An overwhelming majority (67 percent) of respondents said they would prefer the conventional strike killing 100,000 Iranian civilians over the invasion that killed 20,000 U.S. soldiers. That number dropped slightly to 55.6 percent for a nuclear strike that killed the same number of Iranians, and just under a majority (47.7 percent) of respondents preferred a nuclear attack that killed two million Iranian civilians to continuing the invasion.
While it is somewhat comforting that less than a majority of Americans’ preferred using a nuclear bomb to kill two million civilians, that number is still alarmingly high. Moreover, respondents were next asked whether they would support a presidential decision to conduct the various bombing campaigns even if it was not their preferred option. Just over 59 percent of respondents said they would support a U.S. presidential decision to order a nuclear strike that killed either 100,000 or two million Iranian civilians.
As Sagan and Valentino note, the results speak for themselves. “The main conclusions of these survey experiments are clear,” they write. “The majority of the U.S. public has not internalized either a belief in the nuclear taboo or a strong noncombatant immunity norm. When faced with realistic scenarios in which they are forced to contemplate a trade-off between sacrificing a large number of U.S. troops in combat or deliberately killing even larger numbers of foreign noncombatants, the majority of respondents approve of killing civilians in an effort to end the war.”
The results do strongly suggest the nuclear taboo and norm against targeting civilians have not taken hold, at least among the American public. The latter is not hugely surprising: after all, the United States has engaged in devastating strategic bombing campaigns in World War II, Korea and Vietnam. More recently, domestic opposition to the wars in Iraq and Afghanistan was largely attributable to the number of American deaths, not the Iraqis or Afghans who died in larger numbers. The results of this study—which built on earlier, similar studies Sagan and Valentino (along with Daryl Press) have conducted—also illustrate why Donald Trump’s “American First” slogan resonated with many Americans.

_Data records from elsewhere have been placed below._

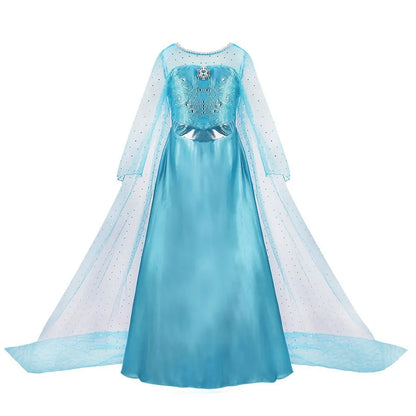 Anna Elsa Costume Children Princess Dress for Girls Kids Cosplay Snow White Christmas Carnival Party Disguise Outfit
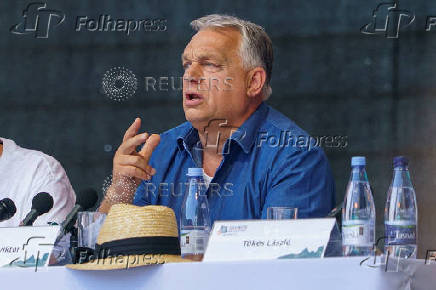 FILE PHOTO: Hungarian Prime Minister Viktor Orban delivers landmark speech to ethnic Hungarians, at Balvanyos Summer University, in Baile Tusnad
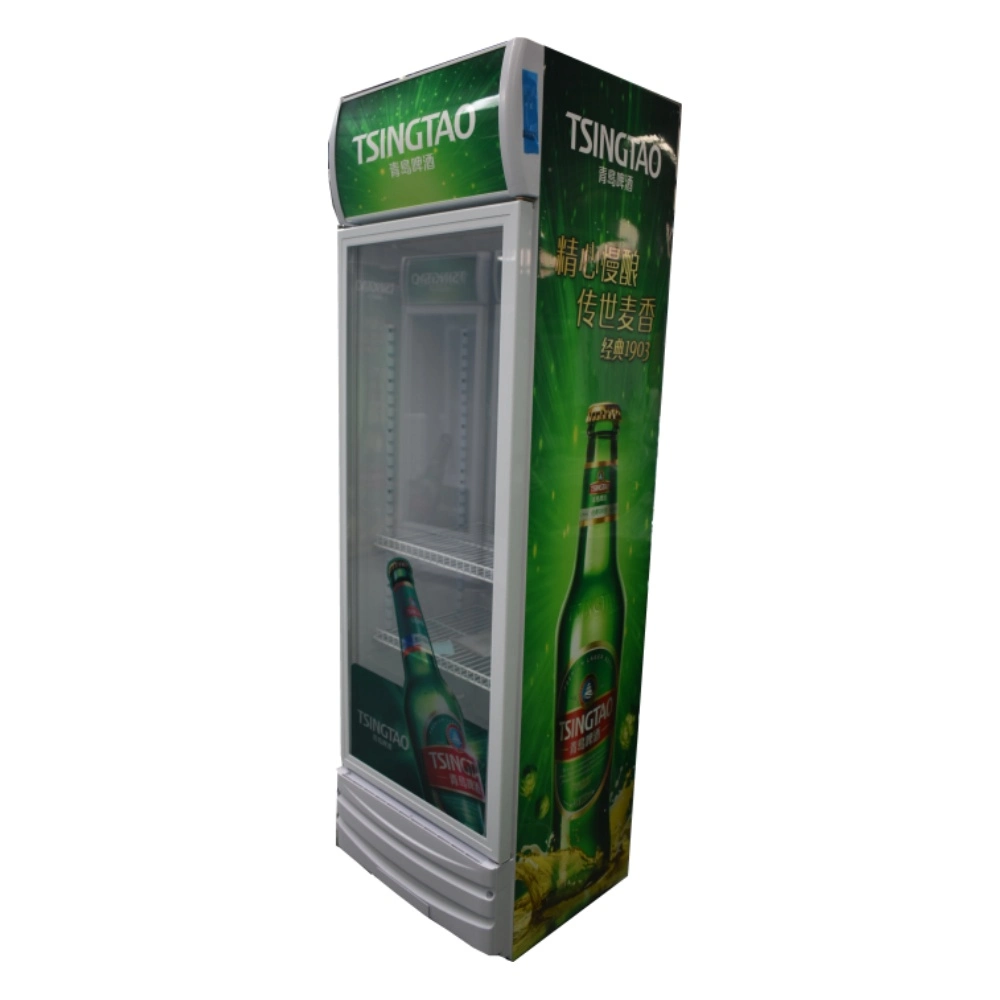 Supermercado porta de vidro única vertical Display frigorífico Comercial Slim Beverage Frigorífico personalizado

At the same time, the United States is a representative democracy for a reason. Perhaps the most important lesson of the survey is that it is imperative to cultivate strong, far-sighted leaders to guide the country abroad. After all, respondents suggested they were willing to support a president’s decision even if it was not their preferred choice. The need for far-sighted leadership is especially pressing at a time when improved accuracy is giving America the ability to use smaller nuclear bombs that cause far less civilian casualties. In the wrong hands, these bombs could be tempting to use, even though doing so would let the nuclear cat out of the bag, with uncertain and potentially catastrophic repercussions.